An image of the German Chancellor Angela Merkel looking solemn as she clutches a white rose in memory of the dead in Berlin, appears on the front page of The Guardian.
The Sun says "The German people have been failed by their politicians, their intelligence services and their police" citing Mrs Merkel's immigration policy. But the Financial Times says the attack calls for strength and calm.
Declaring a state of war or emergency would create expectations of a "definite victory" that will "never come". Equally unwise would be "symbolic restrictions to liberty", it says.
The "i" reports that UK lorry drivers are being warned to lock their cabs to prevent them being stolen by terrorists. The paper says it has seen new advice issued to haulage industry leaders by police and officials responsible for protecting the UK.
Meanwhile, the Daily Mail also has been reading what it calls a "horrifying four-page murder manual" published by the so-called Islamic State group last month, which tells the group's followers how to use a lorry in a terror attack.
It says markets, festivals, parades and political rallies are suggested as targets. Jihadists are told to choose a large load-bearing vehicle and are advised how to cause maximum casualties.
Some papers report on measures to protect the UK from terrorism.
The Daily Mail's front page picture shows two armed police officers on guard with large assault rifles, incongruous in front of a colourful nativity scene at Canterbury Cathedral.
The Sun reports on the closure of roads around Buckingham Palace during the changing of the guard.
Turning to other stories, the Times, Daily Telegraph and Daily Mail report that voters will have to show a passport, driving licence or other proof of identity before they can cast their ballots under a new scheme to tackle electoral fraud.
They say the idea will be tried out in pilot schemes which will be announced by the Cabinet Office in the New Year.
It was one of several recommendations in a report on the problem by the anti-corruption tsar, Sir Eric Pickles. He said it was ridiculous than it was "harder to take out a council library book than to pick up a council ballot paper".
The Daily Telegraph says 4,000 soldiers are ready to drive replacement bus services during future strikes on Southern Rail. Local MPs met the Prime Minister and Transport Secretary on Monday.

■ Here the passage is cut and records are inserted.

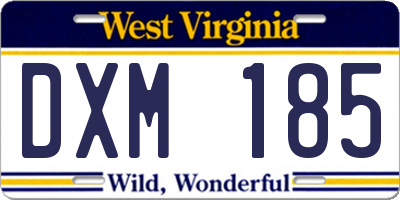 WV license plate DXM185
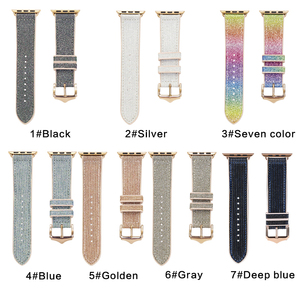 Nuevas correas elegantes de silicona y cuero con efecto camaleón arcoíris, cómodas y brillantes para relojes inteligentes IWatch <span class=keywords><strong>Serie</strong></span> 7 - Product Image 6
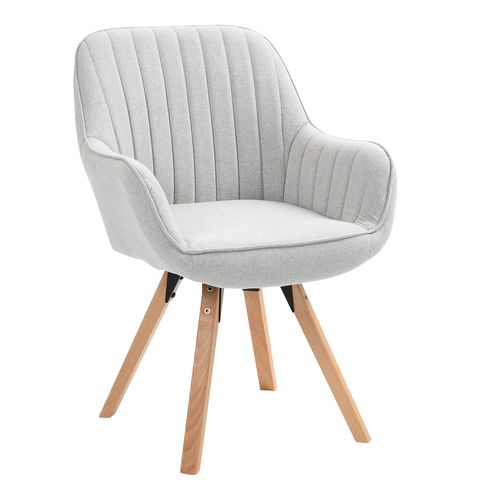 Chaise Salle à Manger Pivotante Avec Accoudoirs En Tissu Pieds Bois Massif, Beige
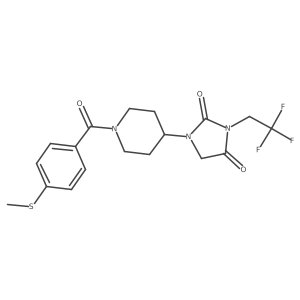 1-{1-[4-(Methylsulfanyl)benzoyl]piperidin-4-yl}-3-(2,2,2-trifluoroethyl)imidazolidine-2,4-dione Structure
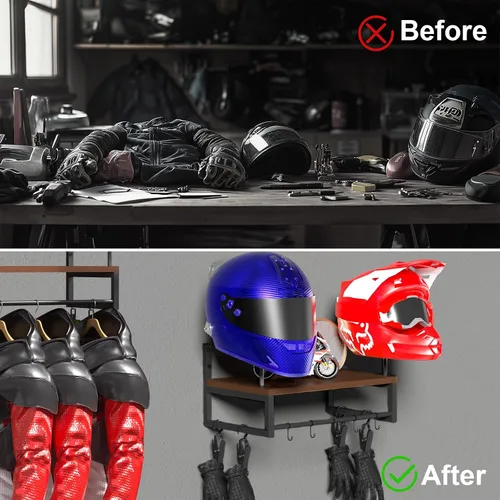 Miniatura 2 de Soporte de pared para casco, estante retro para casco con tabla de madera, 2 soportes para casco para almacenamiento de equipo de motocicleta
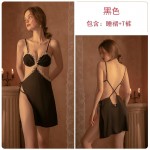 Qiruo Brand Autumn and Winter New Sleepwear Women's Hollow out Temptation Open Back Suspended Sleepwear Lace up Home Furnishing Set 1512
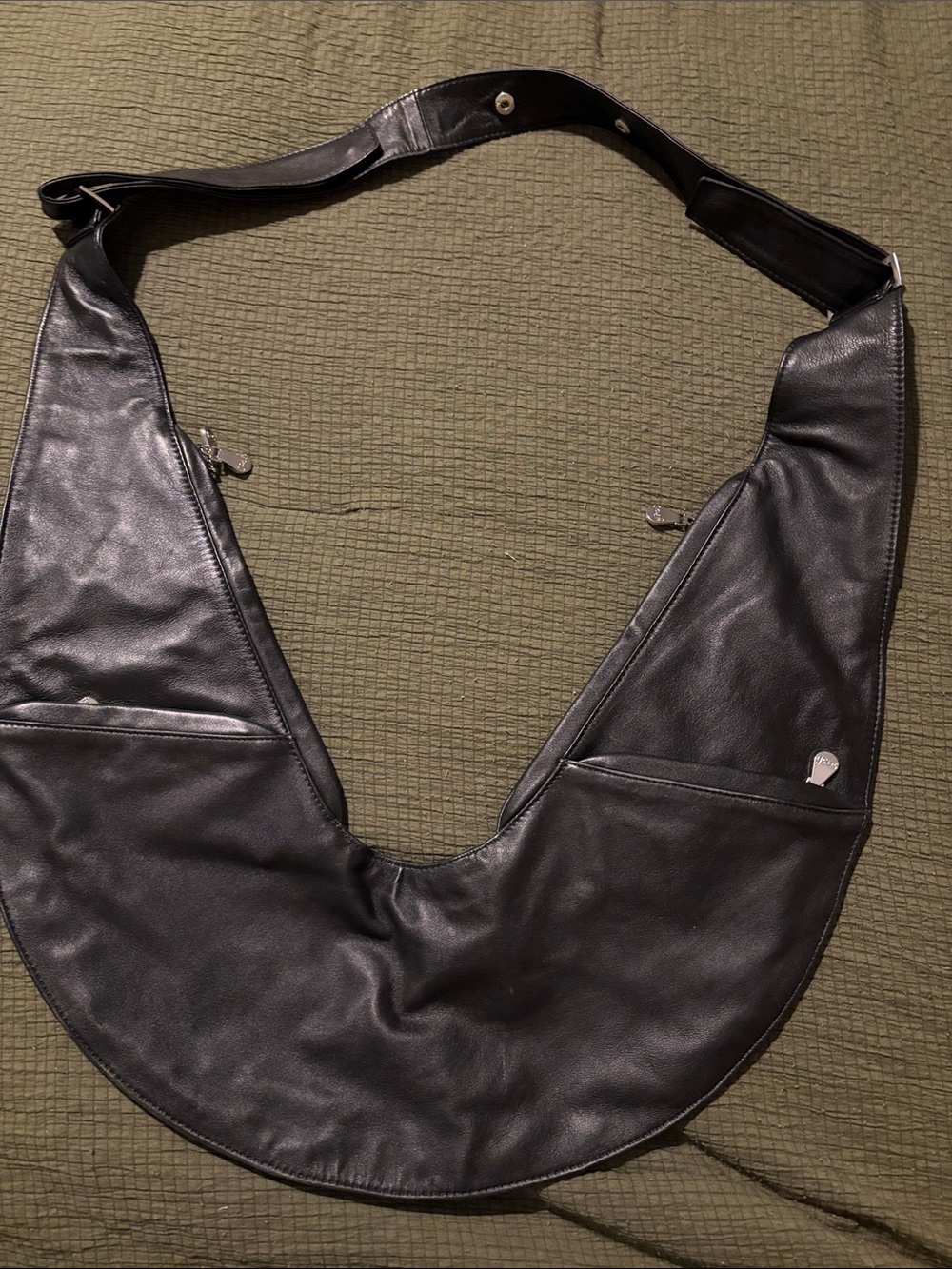 Black Leather Crescent Sling Bag - women’s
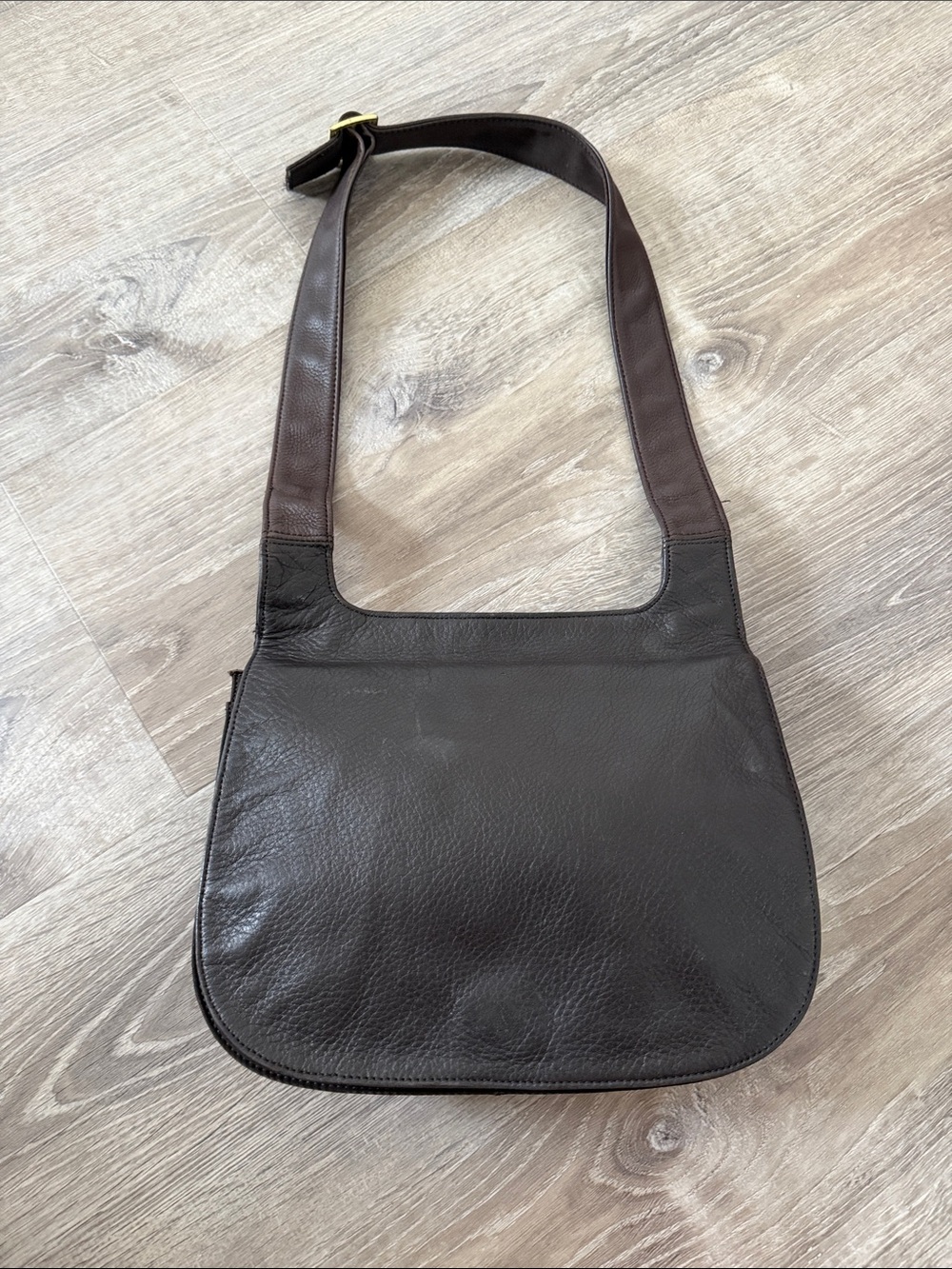 Dark Brown Genuine Leather Messenger Bag with Wide Shoulder Strap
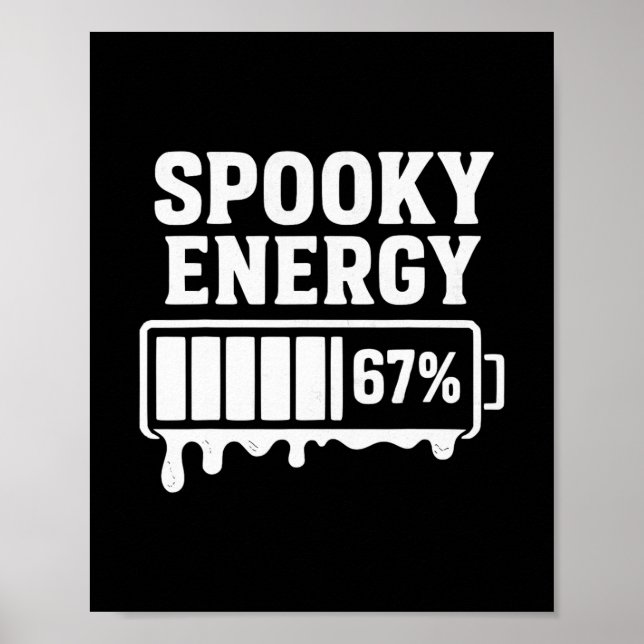 67 Halloween Spooky Energy Brainrot Meme Six Seven Poster (Front)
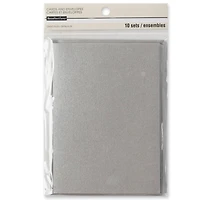 12 Packs: 10 ct. (120 total) Silver Shimmer Cards & Envelopes by Recollections™, 5" x 7"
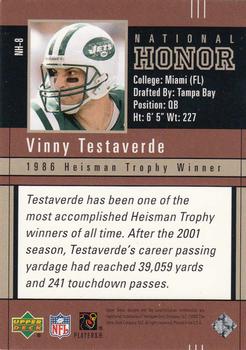 2002 UD Piece of History - National Honor #NH-8 Vinny Testaverde Back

The Daily Express, which also reports on the meeting, says Theresa May won't bow to pressure for emergency legislation to crack down on strikes.
After the riot at Birmingham jail, the Financial Times highlights a new government-backed scheme aimed at attracting top graduates into the prison service which will invite applications from next month.
Recruits will complete a master's degree over two years while working in prisons under the guidance of experienced officers.
But, the paper says, it's not a job for the faint-hearted.
The charity, Unlocked, which will run the programme, says applicants should have an "SAS-style mindset" to deal with the challenges of "one of the toughest careers in the public sector".
If you still have not done all your Christmas shopping, there is bad news in the Daily Telegraph.
It is predicting "click-and-collect chaos" and reveals that John Lewis and Waitrose are to stop taking online click-and-collect orders tomorrow - a day earlier than usual - to prevent stores becoming overwhelmed.
Other retailers also say the service, which allows shoppers to order something online and then pick it up in a store, is more popular than ever this year.
And shampoo sales are plummeting, according to The Times, which says the value of the market has fallen by £23m.
Analysts say people don't feel the need to wash their hair so often because of smoking bans, so their hair doesn't smell, and the trend for working from home.
The paper can't resist a few puns on the receding figures, saying "shampoo sales are in a poor condition as the nation embraces bad hair days".